W14a = Corporation_Responses_Water_2020[Corporation_Responses_Water_2020['question_number'] == 'W1.4a']
W14a1 = W14a[W14a['column_number'] == 1.0]
W14a1 = W14a1[['account_number','response_value']]
W14a1['response_value'] = W14a1['response_value'].apply(W14a_proportion)
W14a1.columns = ['account_number', '% of suppliers']
Corporation_water_2020 = Corporation_water_2020.merge(W14a1, on = ['account_number'])
Corporation_water_2020['% of suppliers'] = normalize(Corporation_water_2020['% of suppliers'])

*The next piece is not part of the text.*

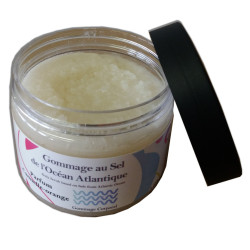 Gommage au Sel - Cannelle orange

W14a2 = W14a[W14a['column_number'] == 2.0]
W14a2 = W14a2[['account_number','response_value']]
W14a2['response_value'] = W14a2['response_value'].apply(W14a_proportion)
W14a2.columns = ['account_number', '% of total procurement spend']
Corporation_water_2020 = Corporation_water_2020.merge(W14a2, on = ['account_number'])
Corporation_water_2020['% of total procurement spend'] = normalize(Corporation_water_2020['% of total procurement spend'])

engagement_water = Corporation_Responses_Water_2020[Corporation_Responses_Water_2020["response_value"].str.contains('engagement') == True]
df_engagement_water = pd.DataFrame(engagement_water.groupby('account_number').size())
df_engagement_water.columns=['KPI engagement']
Corporation_water_2020 = pd.merge(Corporation_water_2020, df_engagement_water, how = 'outer', on = ['account_number'])
Corporation_water_2020['KPI engagement'] = Corporation_water_2020['KPI engagement'].fillna(0)
Corporation_water_2020['KPI engagement'] = scaler.fit_transform(Corporation_water_2020['KPI engagement'].values.reshape(-1,1))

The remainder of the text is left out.